The computer lab was never much of a lab in the first place. Facebook Marketplace shopping or “How It’s Made” videos were more likely. I am confident that I have seen every “Thomas & Friends” video known to man, but who knows.

The arcade games (my old XBox) have been replaced with Nintendo Switch games and ample accessories. Real men don’t use the term “triggered”. (See The Beta-Male Handbook for more information.) So, I prefer “raged out” when explaining my new hatred for old school (and new school, I guess) Mario Brothersesque video games. I would like to take this opportunity to note that rage is not really manly either. We should be able to handle ourselves, but triggered- come on, dude. The things, back to the games now, are impossible. When your 5-year-old has to repeatedly remind you “It’s okay dad. Keep trying; you’ll get better” the realization that one’s gaming abilities are all but depleted is crystal clear.

The time or two a month I would fill up a bowl of my favorite tobacco (with the side door open to the outside and a fan pulling the smoke out) has ceased, at least in the house.

More recently, I told my son that he could move his LEGO sets and storage bins to the back room. He was ecstatic. His excitement only barely beat out my wife’s relief, who may have shed a tear when I told her the living room would be LEGO-free.

Yesterday, as he was still getting over the last stages of a cough, I got to stay home so she could get to a meeting in Indianapolis. We started our day with smokey links, raspberries, even more Cheez Its, and a half-hour of an old Super Mario Brothers cartoon that I didn't even know was in existence until he found it. From there we played with some LEGO, myself sorting for the good part of an hour and the boy Frankensteining various minifigures into his own creations. Victor Frankenstein had his monster. My son has his LEGO and when I get into my overly meticulous way while sorting he will start to mess with me. I set out to make them how that particular set’s designers intended. He knows this and will consciously alter them, the little turkey. More on that momentarily.

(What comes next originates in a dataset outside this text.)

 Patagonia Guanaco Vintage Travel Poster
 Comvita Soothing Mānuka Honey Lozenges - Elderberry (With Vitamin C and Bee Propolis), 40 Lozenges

With a moderate amount of shame I acknowledge that the amount of LEGO sets that my son has is probably over a hundred. When you take all of the pieces necessary to make said sets, add the minifigures, their accessories, and other assorted LEGO paraphernalia, the task of sorting can be quite daunting. I came upon a great way to sort which involves about six storage towers of six trays each; each tray weighs about five pounds when full. And let me tell you, those suckers are packed to the brim. Using a smaller sorting tray within a tray that somewhat resembles a cutlery holder in a kitchen drawer, each minifig and accessory now has an assigned space. Hats of various types went in a few small squares. Anything torso-related goes into another. There is an entire tray devoted to Star Wars which got the (molded plastic) ball rolling. One small place is for tools and items that can be held with teeny c-shaped hands. Still, another larger section is devoted to the various legs a minifigure could have. Armor and helmets have their designated acreage too. I could go on and on (and have somewhat) but you get the picture.

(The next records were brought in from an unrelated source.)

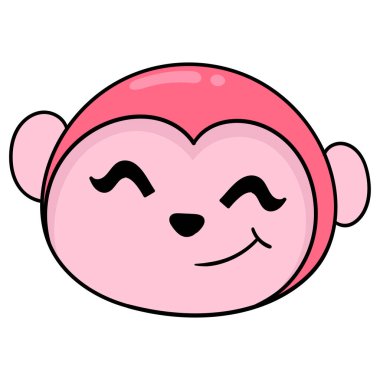 Şirin pembe yaratık başı güler dost canlısı, karalama simgesi çizer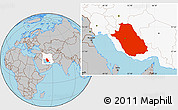 Gray Location Map of Fars, highlighted country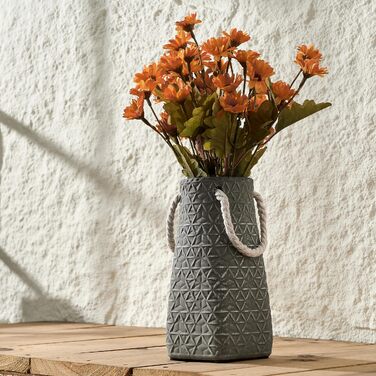 Керамічна ваза, синьо-коричневий дизайн, ваза в скандинавському стилі для декору, сучасна ваза для вітальні, спальні, кухні, передпокою, ванної кімнати (Шиферно-сірий, 17,8 см)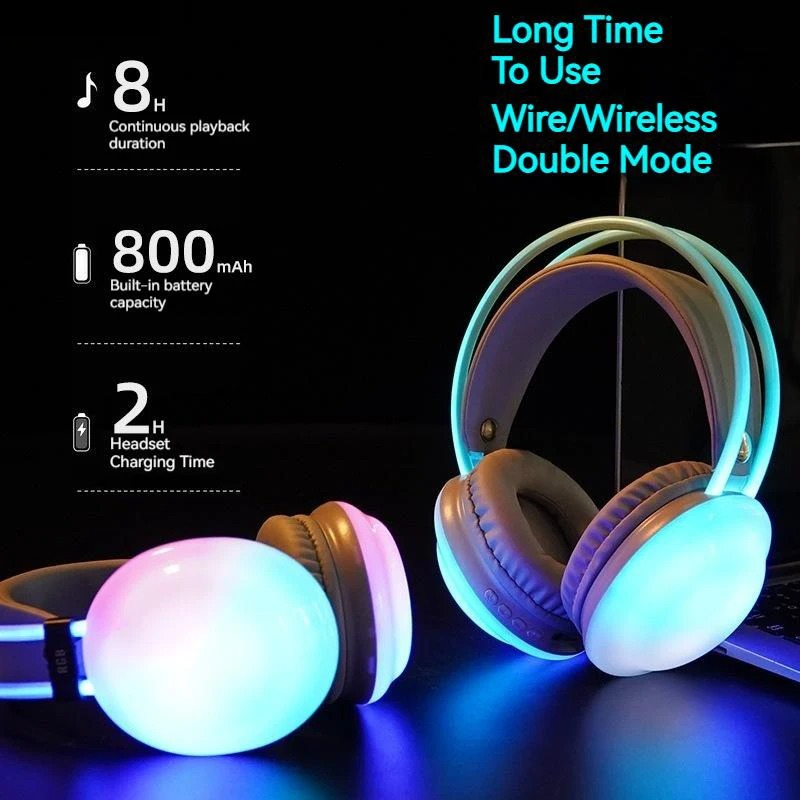 Gaming Headset With Mic Rgb - Gamer Wireless Bluetooth Headphones RGB Flowing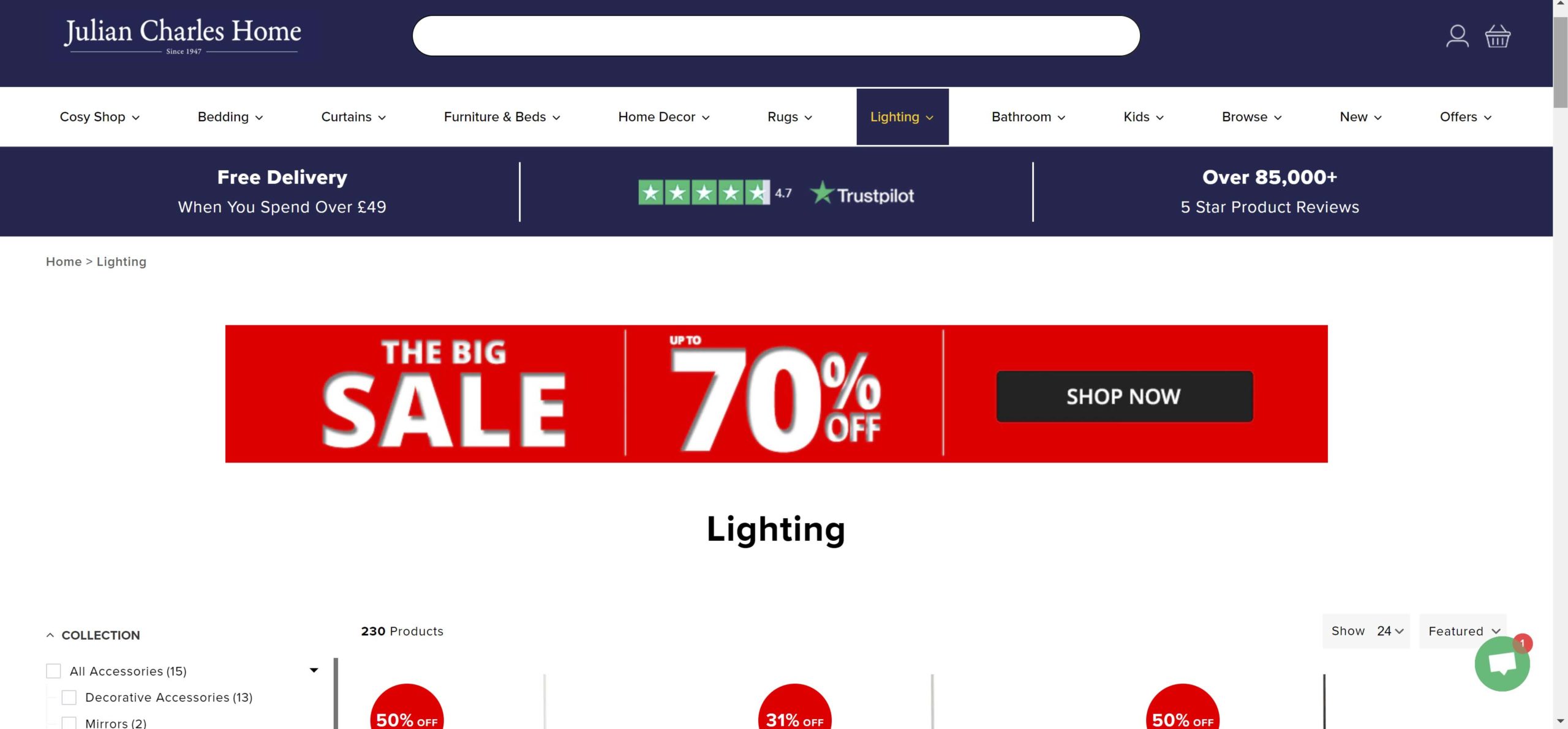 Shop Lighting! Save up to 50% Off – Julian Charles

The hardest part of the whole evening was when Doctor Frankenstein -- or “Fwankenstein” because those darned “r” sounds -- began operating. Imagine the legs of C-3PO, the torso of pirate, the face of a Buzz Lightyear, and hair that could probably have fit on Hermione Granger all being placed into one improbable piece of plastic. The little rascal will make about five of these creatures from the yellow lagoon and place them on my finished table, just to see my reaction! He is me 31 years ago, and many people told me this would happen one day. I couldn’t be mad if I tried.

Some of his creations are so hilarious that a machine couldn’t have been more creative if it were programmed to make figures in random mode.  Speaking of creativity, the same is true of his ability to recall from memory what each and every character is supposed to look like in set form. For example, I have to look up each torso, head, hat, legs, etc. to see how the proper layout is for said minifigure. My son can look right at it, tell me what set it’s in, sometimes tell me where we got it -- a superpower of sorts. Sure, he chooses to Frankenstein at times, but at least he knows how they started out.

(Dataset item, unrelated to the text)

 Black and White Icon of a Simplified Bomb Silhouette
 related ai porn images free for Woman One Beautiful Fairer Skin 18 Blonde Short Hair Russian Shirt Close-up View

In order to display what we have, LEGO makes these excellent, gargantuan plates. On these we’ve decided to just put rows of minifigures. One entire section is for Harry Potter characters. Another plate is devoted to LEGO city and creator set minifigs. We need the entirety of a gray plate (the 64er) to fit the Star Wars ensemble. In columns ready for battle, The Light Side and the Dark Side are arranged so that the full array can be called into action.

This boy is spoiled. When we were finished, he smiled, told me he loved me, and said “This is awesome Dad!” I could not have agreed more.

The only problem is that I work from 7:15 a.m. to 3:15 p.m. and between the two other kids my wife watches, their six little hands have the potential to undo the work that we (mostly me if I am being honest) completed that day. I locked the door to the backroom and threatened, as much as you can justifiably threaten three kids at or under the age of five, to tell them Santa would know if they moved any of the stuff or dumped any of the trays.

Fear instilled and prayers sent, one can only hope for survivors… ya know, little yellow ones, not the kids.